= Frederic Whitehurst =

American lawyer and chemist

Frederic "Fred" Whitehurst is an American chemist and attorney who served as a supervisory special agent in the Federal Bureau of Investigation Laboratory from 1986 to 1998. Concerned about problems he saw among agents, he went public as a whistleblower to bring attention to procedural errors and misconduct by agents. After the FBI retaliated against his claims, he began to attend law school at night and used his Juris Doctor degree to continue his fight. After ten years of refusal, the FBI investigated his claims and agreed to 40 reforms to improve the forensic reliability of its testing.

== Biography ==
===Info===
Frederic W. Whitehurst was born Nov, 1947 in Newport, Rhode Island. He currently lives in Bethel, North Carolina with his wife Cheryl.

===Vietnam===
Whitehurst served as an intelligence specialist at the Americal base in Đức Phổ, Vietnam, during the early 1970s. He was tasked with reviewing seized documents and destroying any that had no military value. Working with translator Sergeant Nguyen Trung Hieu and following his advice, he saved two diaries written by Dr. Đặng Thùy Trâm, a civilian woman doctor working for North Vietnam. He kept them for 35 years, with the intention of eventually returning them to Trâm's family, if possible.

===FBI career===
Dr. Whitehurst received a Ph.D. in chemistry from Duke University, and a J.D. from Georgetown University. He joined the FBI in 1982 and served as a supervisory special agent in the FBI crime lab from 1986 to 1998.

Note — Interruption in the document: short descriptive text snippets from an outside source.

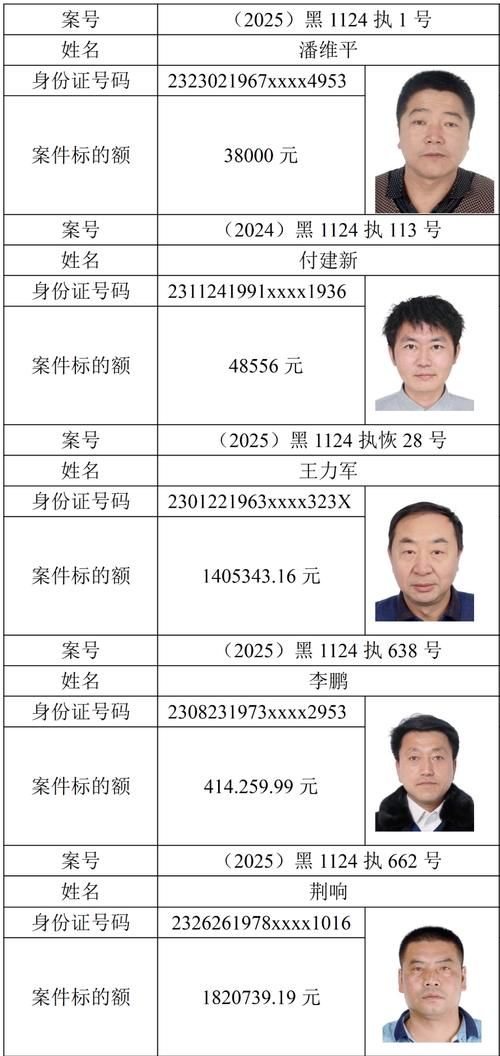 孙吴新增1例无症状感染者  孙吴县疫情防控最新通报_42715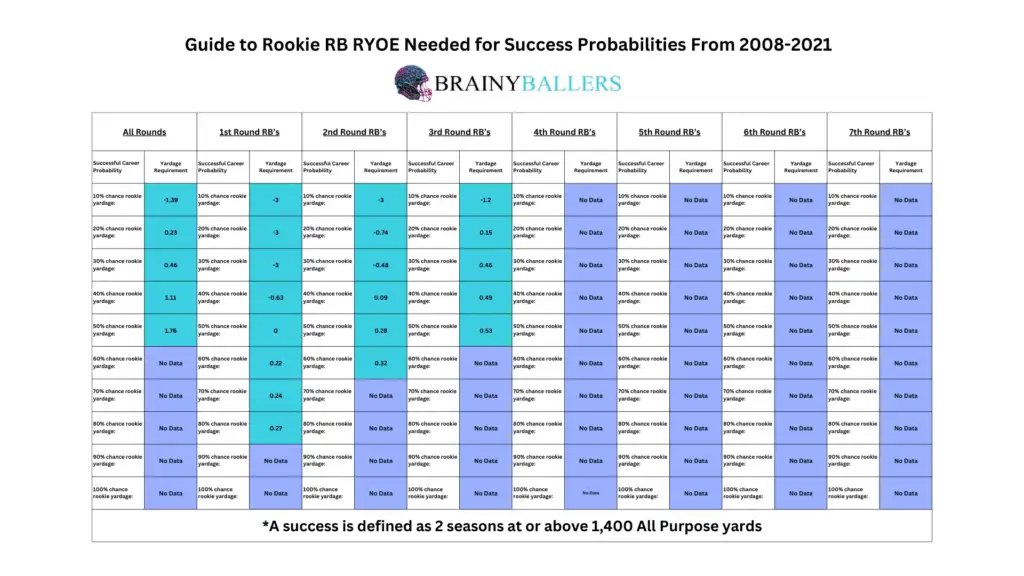 Rookie RB RYOE Success Predictor Guide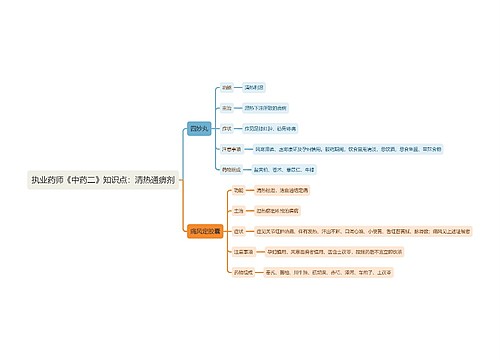 执业药师《中药二》知识点：清热通痹剂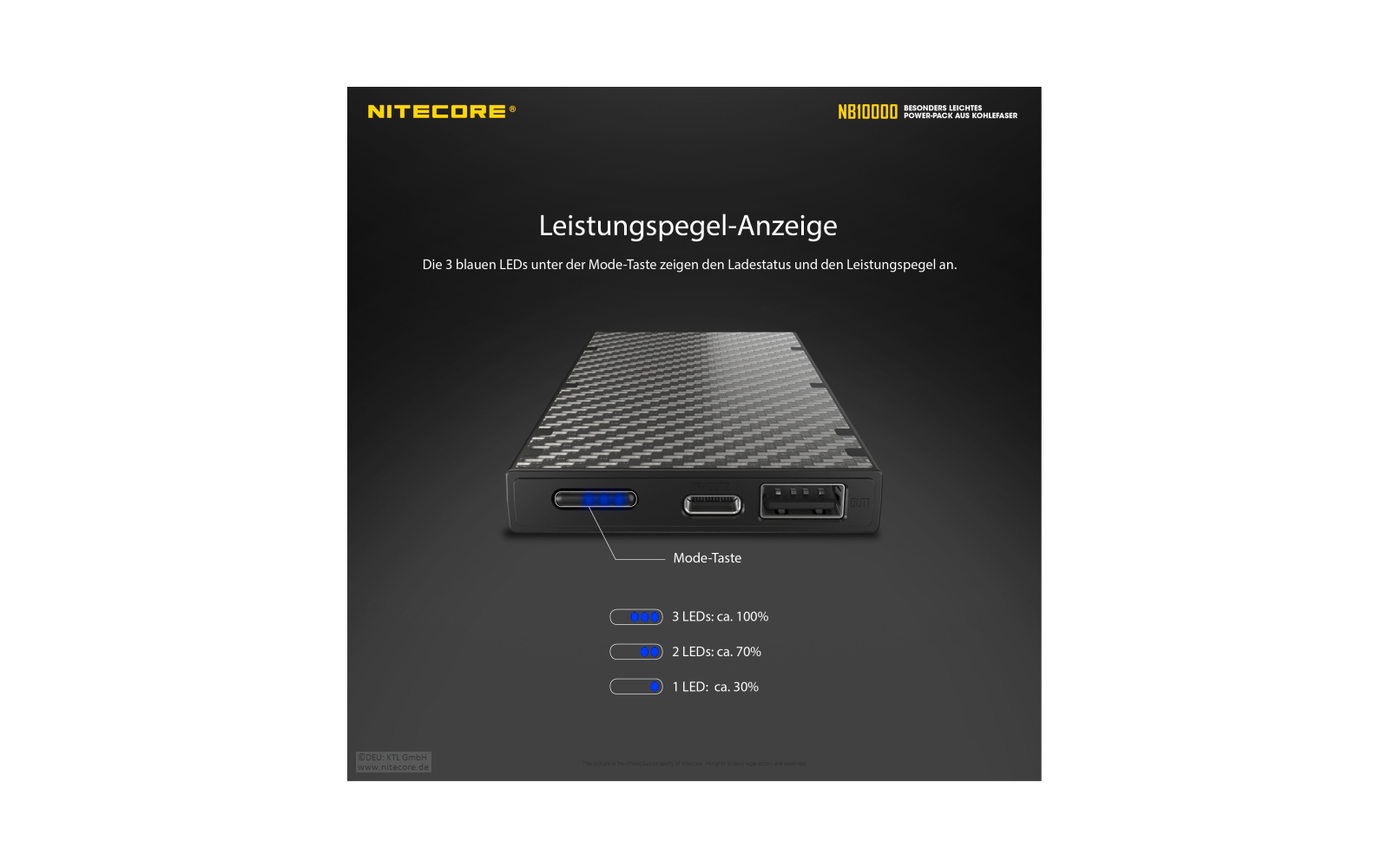 Nitecore Powerbank NB 10000 mAh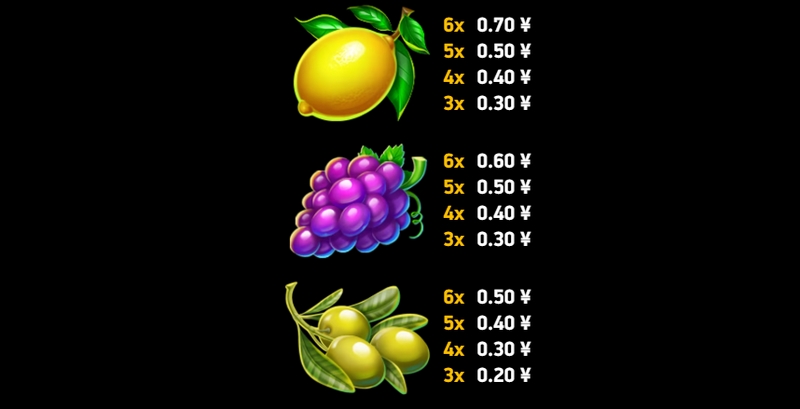 《不朽之路母鸡丰收》——幸运加倍,金蛋满地! 免费游戏——月光加持的黄金奇迹!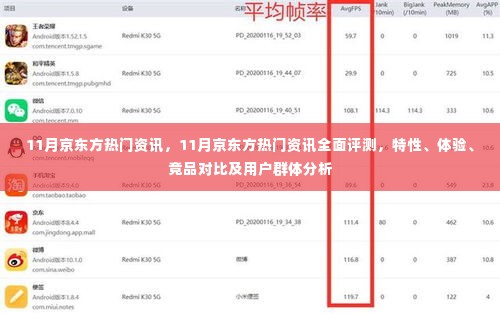 11月京东方热门资讯全面解析，特性、体验、竞品对比及用户群体深度分析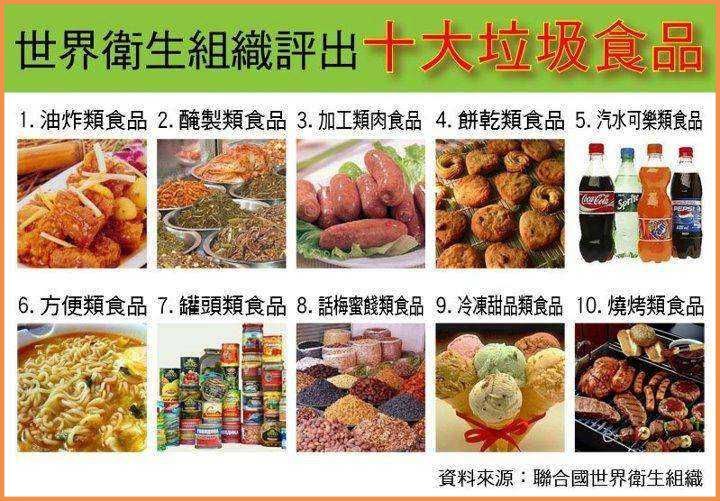 十大垃圾食品排名图片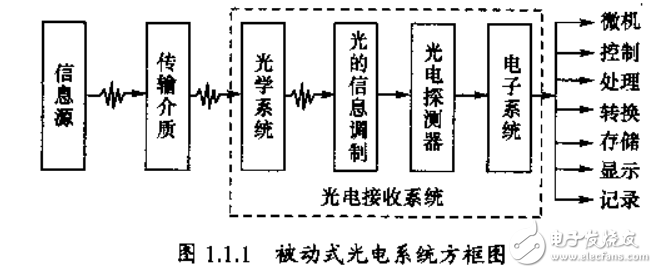 光電系統(tǒng)的分類及現(xiàn)代光電系統(tǒng)的典型應(yīng)用的介紹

While he was employed by the Federal Bureau of Investigation Laboratory, the FBI officially rated Dr. Whitehurst as the leading national and international expert in the science of explosives and explosives residue. Concerned about a number of issues that he observed with old equipment, rusty gear, improper protocol, and by the behavior of agents in the laboratory, he began to investigate their procedures. He eventually uncovered and reported what he thought were cases of scientific misconduct, alleging that the agents were biased toward the prosecution.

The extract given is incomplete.